Stroustrup also cited another paper he wrote in 2021 which made the case that “Complete type-and-resource safety have been an ideal (aim) of C++ from very early on (1979) and is achievable though a judicious programming technique enforced by language rules and static analysis.” (Later Stroustrup writes that the solution is “a carefully crafted set of programming rules supported by library facilities and enforced by static analysis.”)
The paper acknowledged that on its own, “By default, the Core Guidelines do not provide complete type-and-resource safety” — but argued that it can be guaranteed by enforcing additional rules (“as implemented by the Core Guidelines checker distributed with Microsoft Visual Studio,” for example.) In a nod to Rust’s compiler-based type-checking, Stroustrup wrote that “The compiler is not our only tool, and has never been,” providing specific examples of the powerful checks that can be performed by a (pre-compilation) static analysis. For example, static analysis can:
- Prevent unsafe type conversions
- Prevent the creation of uninitialized objects
- Ensure no memory-referencing pointer “escapes” beyond its narrowly-defined scope to erroneously point to something else.
In December’s response to the NSA, Stroustrup wrote that we live in a world where “the billions of lines of C++ code will not magically disappear,” adding that instead it’s important to have a gradual adoption of these safety rules (and the adoption of different safety rules, where appropriate).
The NSA’s paper seemed to agree with some of this — to a point. The NSA paper included tips on “hardening” code written in a non-memory-safe language, recommending tools for both static analysis (examining the source code) and dynamic analysis (performed while the code is executing) — along with vulnerability correlation tools to simplify the results. “Working through the issues identified by the tools can take considerable work, but will result in more robust and secure code.”
And the NSA’s paper does note the “considerable protection” provided by “the use of added protections to non-memory safe languages”. (It also suggests hardening the compilation and execution environment through security features like Control Flow Guard, Address Space Layout Randomization, and Data Execution Prevention.)
A Long-Standing Design Goal
In a new interview for Honeypot’s “Untold Developer Stories”, 72-year-old Stroustrup looked back to his student days, when as a young man he’d discovered that he wasn’t as good at math as he thought he was — but that “machine architecture was really fun.”
But there was less to say in 2020 when someone asked Stroustrup what he’d change if he could go back in time. “That’s a time machine question, and we don’t have a time machine,” he replied.

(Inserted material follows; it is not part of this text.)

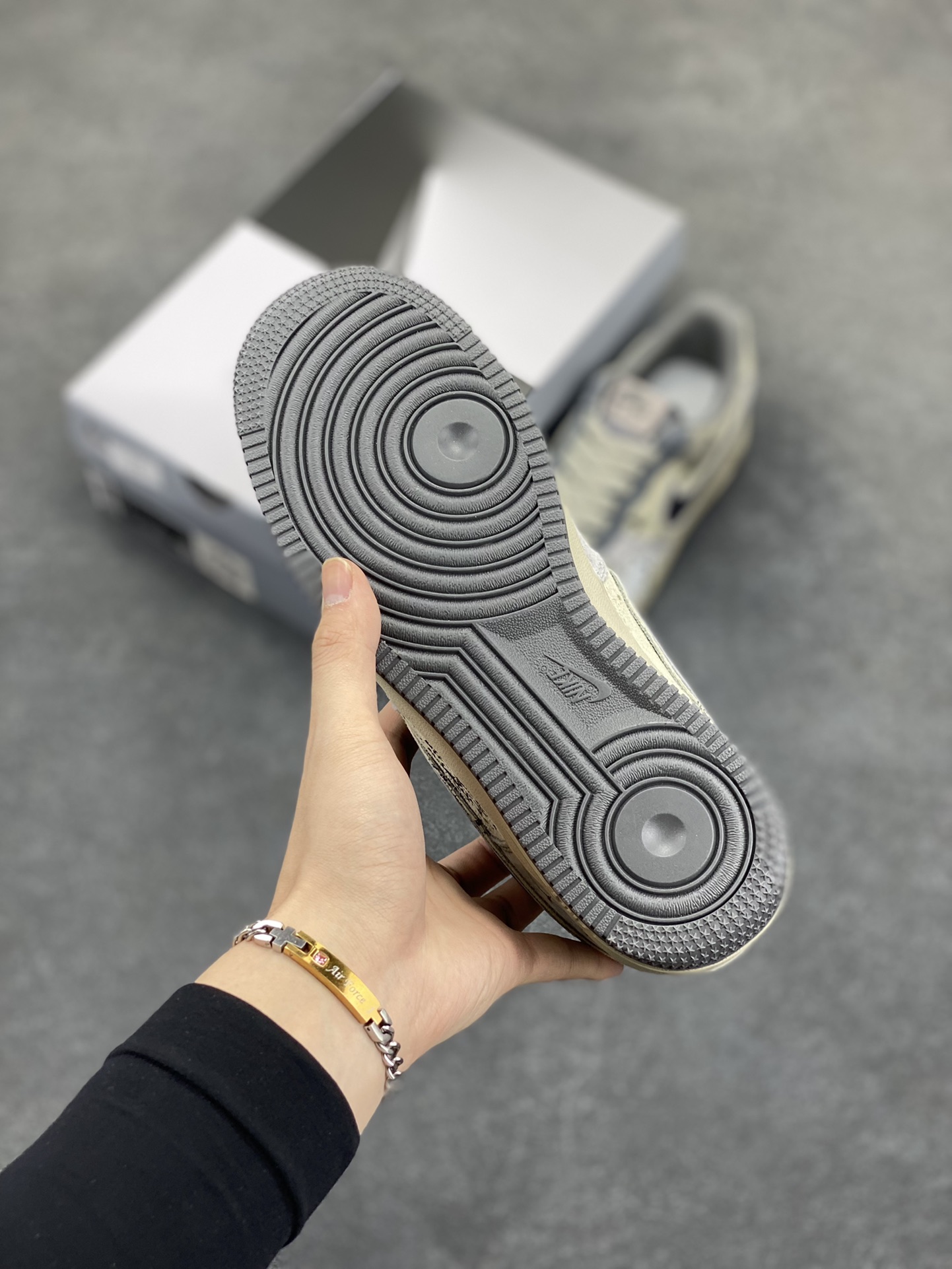 图片[5]-“暗黑骷髅”💀Nike Air Force 1 “Dark Skull”空军一号定制低帮板鞋 暗黑骷髅常出没于阴森墓地、废弃城堡和黑暗地下城。它们行动敏捷，速度远超常人想象，在黑暗中穿梭时，发出的“咔咔”声响，如同死亡的倒计时。它们毫无畏惧，被邪恶意志驱使，无情地向一切生者发起攻击 货号：YD2425-660 尺码：36 36.5 37.5 38 38.5 39 40 40.5 41 42 42.5 43 44 44.5 45-选品中心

“One of the interesting aspects of programming language design is that if you succeed, you have what you did many many years and decades ago, and you have to live with it. Once you get users, you have responsibilities, and one of the responsibilities is not to break their code… There’s a few hundred billion lines of C++ out there, and we can’t break them.”
Stroustrup stressed his faith in C++. “I think C++ can do anything Rust can do, and I would like it to be much simpler to use.” But he also said in that 2020 interview that basic type safety — ensuring variables access only their clearly-delineated chunks of memory — was one of his earliest design goals, and one he’s spent decades trying to achieve. “I get a little bit sad when I hear people talk about C++ as if they were back in the 1980s, the 1990s, which a lot of people do,” Stroustrup said in 2020.
“They looked at it back in the dark ages, and they haven’t looked since.”